Estados Unidos, Canadá, Reino Unido y varios países de Europa han sido también blanco de resoluciones motivadas más por agendas ideológicas o geopolíticas que por hechos verificables. En ocasiones, se ha llegado a ignorar las propias garantías institucionales que diferencian a estos sistemas democráticos de las autocracias. Así, el sistema pierde su legitimidad no solo por omisión frente a los abusos de regímenes autoritarios, sino por su uso como herramienta de presión selectiva contra quienes, con todos sus defectos, aún mantienen separación de poderes, libertad de prensa y mecanismos de rendición de cuentas.
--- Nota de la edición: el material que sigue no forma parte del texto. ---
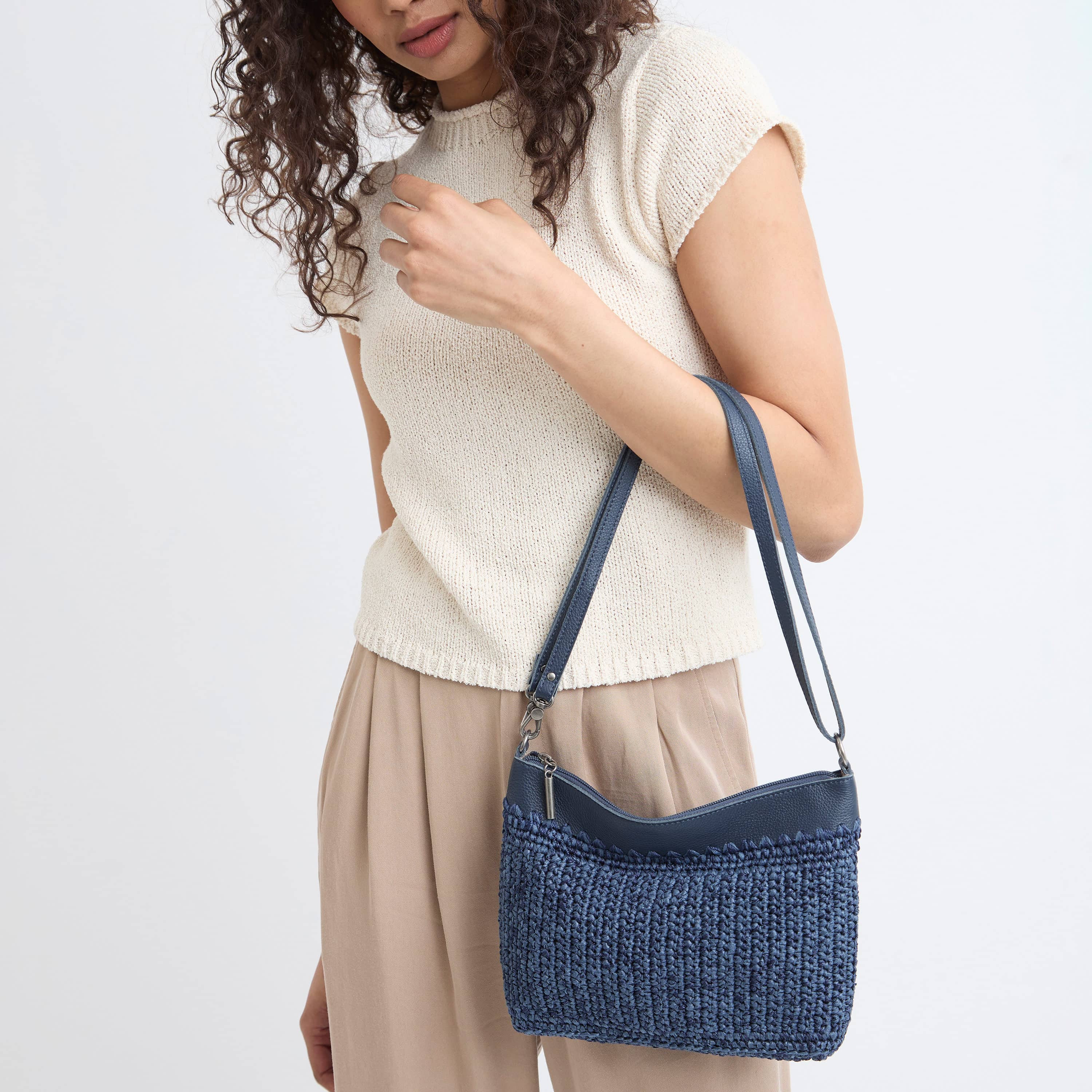 Lumi Crossbody Bag in Denim Tonal Straw Crochet – The Sak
Resulta urgente preguntarse: ¿qué valor tiene un sistema de derechos humanos que no puede distinguir entre las víctimas y sus verdugos? ¿De qué sirve una evaluación periódica universal cuando es utilizada como plataforma para validar regímenes represivos y atacar a democracias liberales? ¿Qué legitimidad le queda a una institución que permite que sus mecanismos sean capturados por los intereses de quienes deberían estar en el banquillo de los acusados?

El andamiaje multilateral de derechos humanos está completamente resquebrajado y atraviesa su peor crisis de legitimidad. La reciente evaluación de Irán lo confirma. No solo constituye una traición moral y una afrenta directa a las víctimas del régimen iraní, sino una muestra de la distorsión profunda del propósito mismo de la ONU.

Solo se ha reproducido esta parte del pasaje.